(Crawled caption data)

________________________

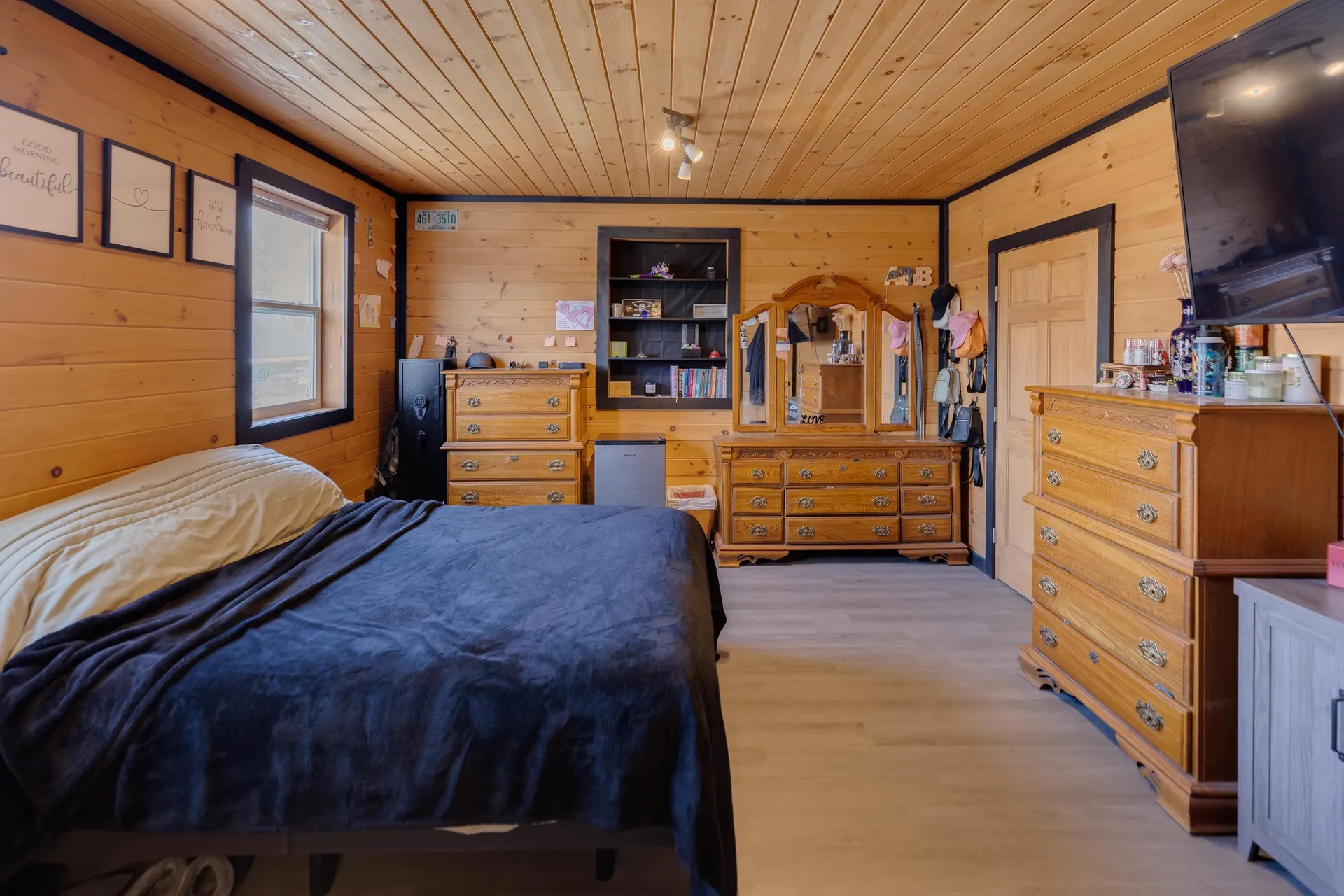 603 Meadows Road Jefferson NH 03583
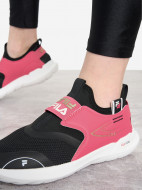 FILA Shutle Sl қыздарға арналған кроссовкасы — фото №11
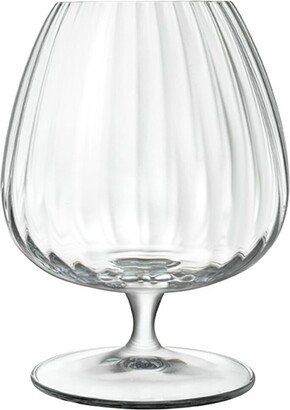 Optica 15.75Oz Cognac Glasses (Set Of 4)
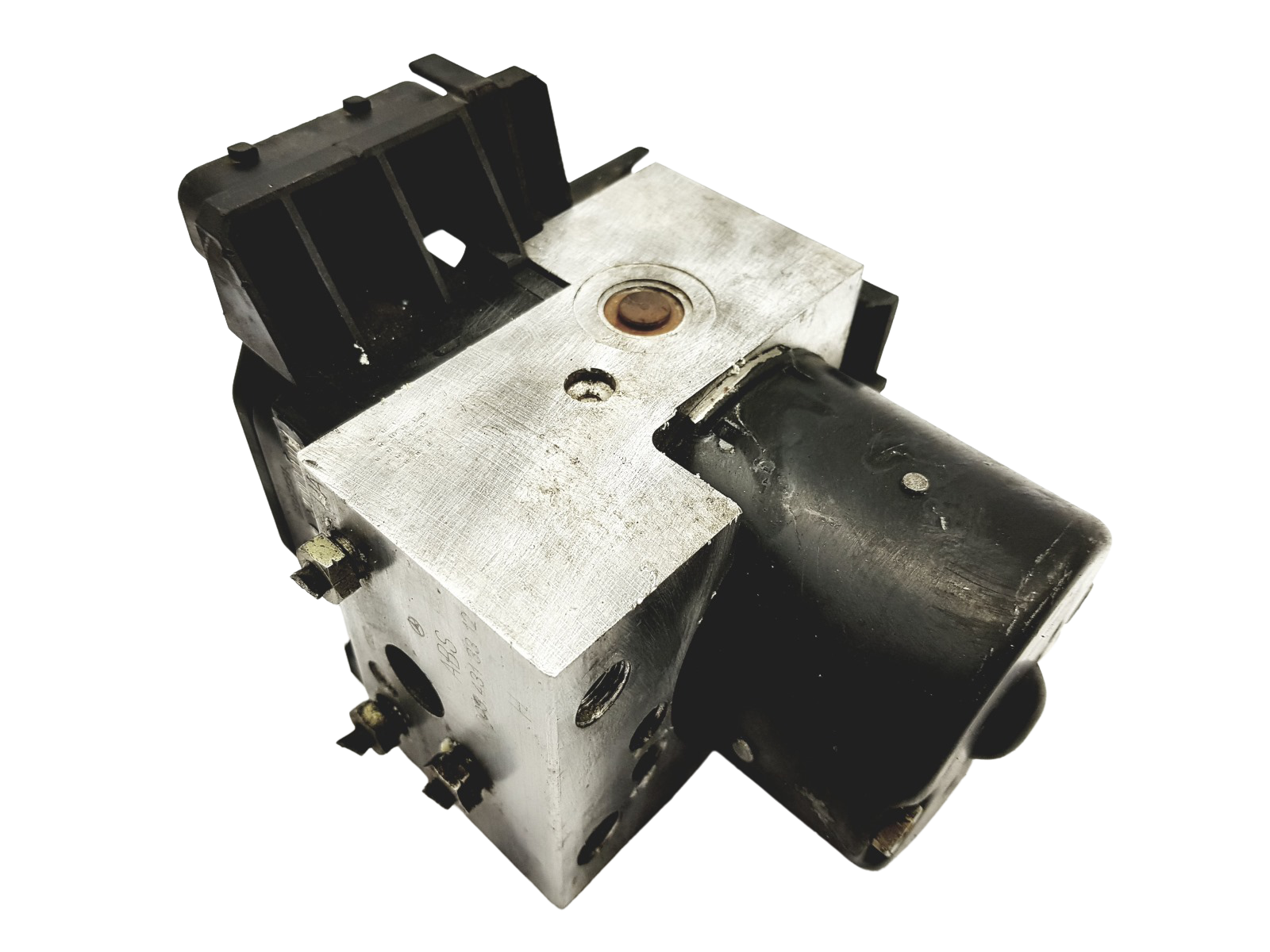 Abs-pumppu Mercedes C A0034313312 0265213401 Bosch main product photo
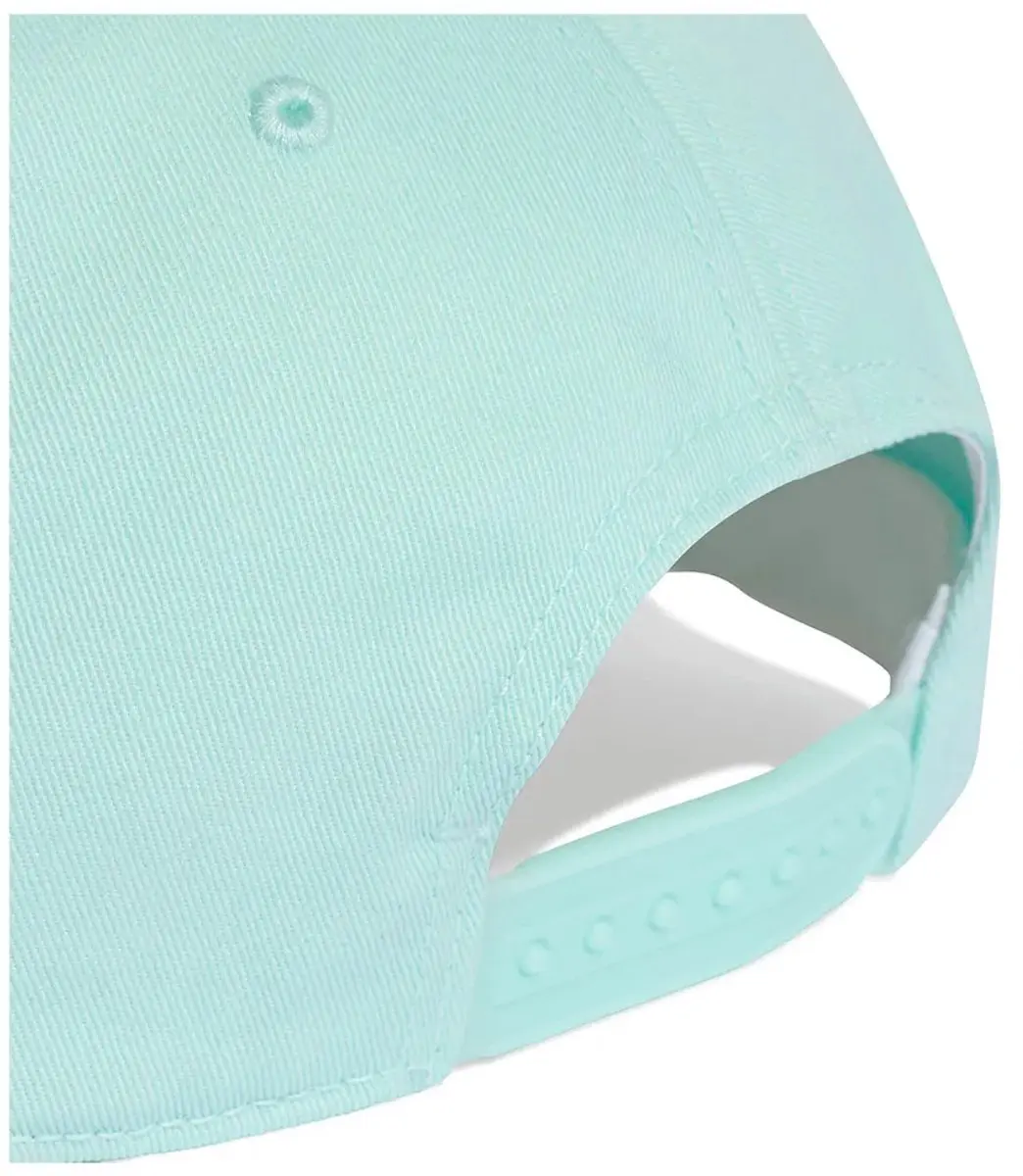 Adidas Lionel Messi Snapback Pet - Turquoise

________________________

Task prompt:
Exactly retype each record above, dropping images.

Answer to this exercise:
 603 Meadows Road Jefferson NH 03583
 FILA Shutle Sl қыздарға арналған кроссовкасы — фото №11
 Optica 15.75Oz Cognac Glasses (Set Of 4)
 Abs-pumppu Mercedes C A0034313312 0265213401 Bosch main product photo
 Adidas Lionel Messi Snapback Pet - Turquoise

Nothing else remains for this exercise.